- Problem requirements -
Reproduce the listing below from the line with "PAUL HEWITT PHREP革編織船錨手環/錶帶/繩結系列" to the line with "Connecteurs de câblage", both lines included, character for character, minus any pictures.

(Information supplied begins)

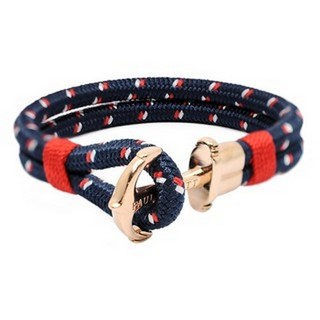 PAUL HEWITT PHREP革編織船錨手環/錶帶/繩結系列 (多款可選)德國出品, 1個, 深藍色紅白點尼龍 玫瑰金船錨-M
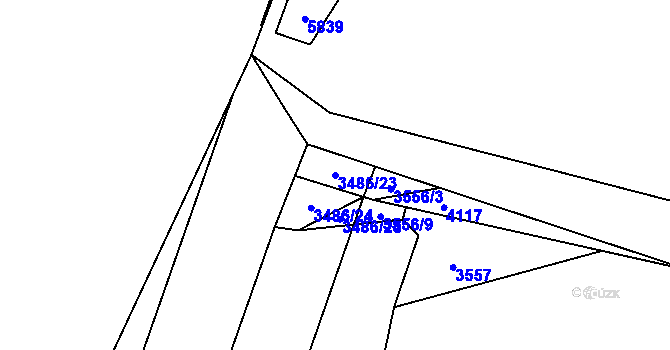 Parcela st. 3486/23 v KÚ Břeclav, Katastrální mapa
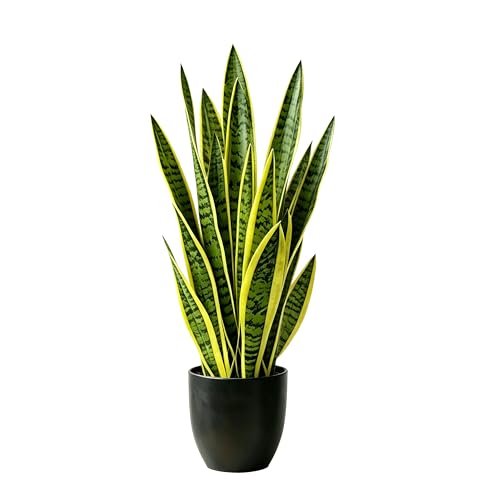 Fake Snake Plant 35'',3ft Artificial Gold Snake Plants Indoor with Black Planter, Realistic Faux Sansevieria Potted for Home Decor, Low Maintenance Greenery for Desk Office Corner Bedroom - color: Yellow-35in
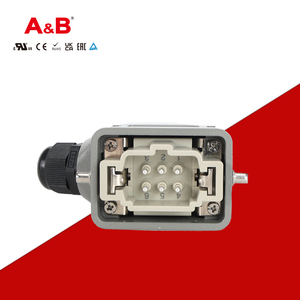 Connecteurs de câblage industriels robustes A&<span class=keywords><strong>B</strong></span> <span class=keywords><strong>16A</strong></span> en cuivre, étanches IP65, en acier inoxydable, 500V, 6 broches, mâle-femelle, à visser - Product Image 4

(Information supplied ends)
(Information supplied begins)

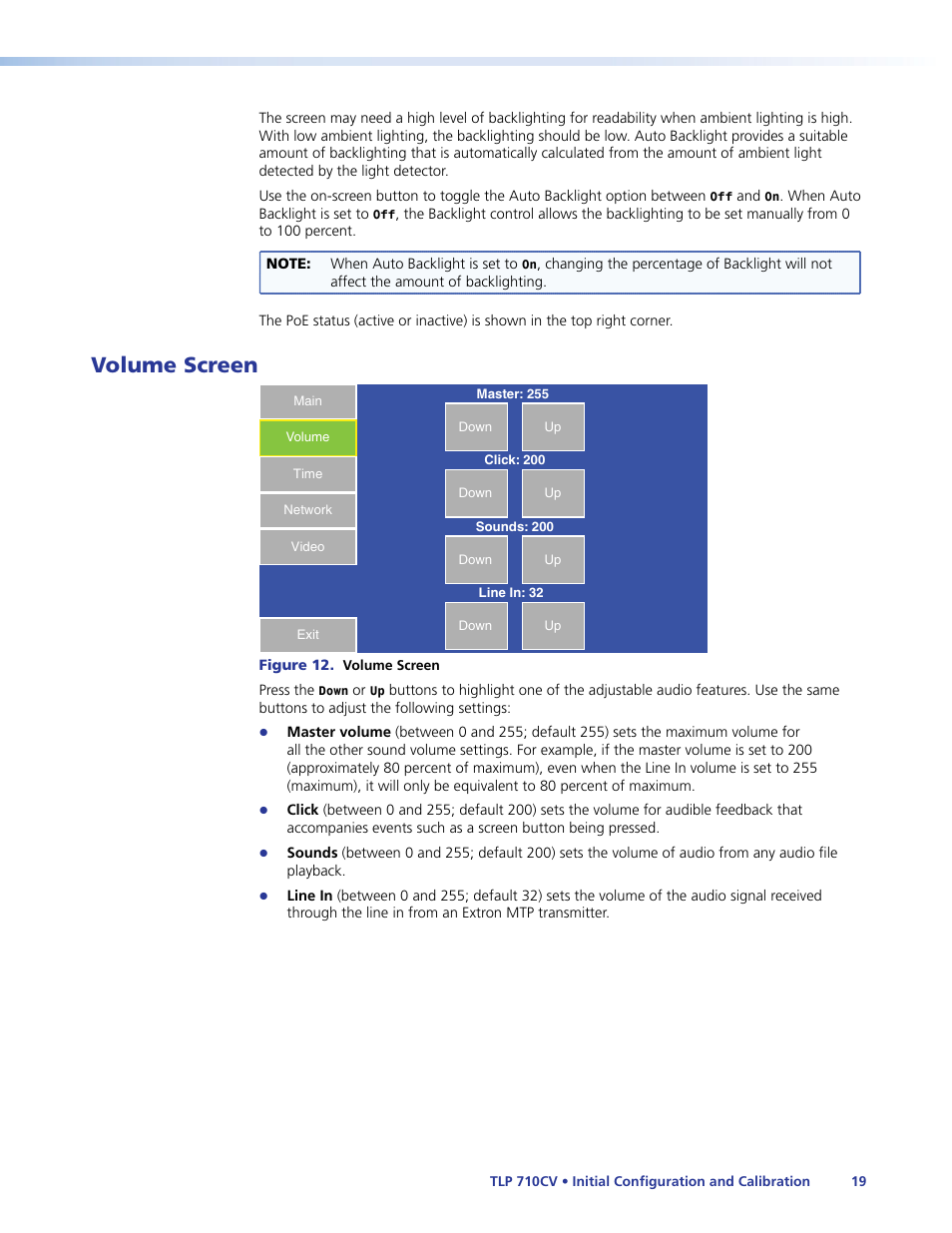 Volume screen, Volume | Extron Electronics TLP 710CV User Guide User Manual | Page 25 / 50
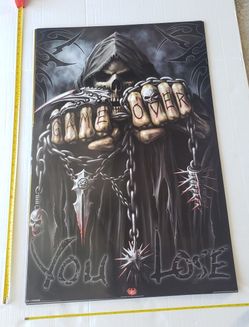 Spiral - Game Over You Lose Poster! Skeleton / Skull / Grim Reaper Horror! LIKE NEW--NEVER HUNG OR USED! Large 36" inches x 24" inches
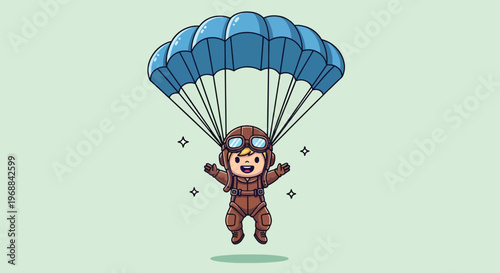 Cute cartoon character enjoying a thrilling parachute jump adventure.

(Information supplied ends)

- Solution -
 PAUL HEWITT PHREP革編織船錨手環/錶帶/繩結系列 (多款可選)德國出品, 1個, 深藍色紅白點尼龍 玫瑰金船錨-M
 Parcela st. 3486/23 v KÚ Břeclav, Katastrální mapa
 Fake Snake Plant 35'',3ft Artificial Gold Snake Plants Indoor with Black Planter, Realistic Faux Sansevieria Potted for Home Decor, Low Maintenance Greenery for Desk Office Corner Bedroom - color: Yellow-35in
 Connecteurs de câblage industriels robustes A&<span class=keywords><strong>B</strong></span> <span class=keywords><strong>16A</strong></span> en cuivre, étanches IP65, en acier inoxydable, 500V, 6 broches, mâle-femelle, à visser - Product Image 4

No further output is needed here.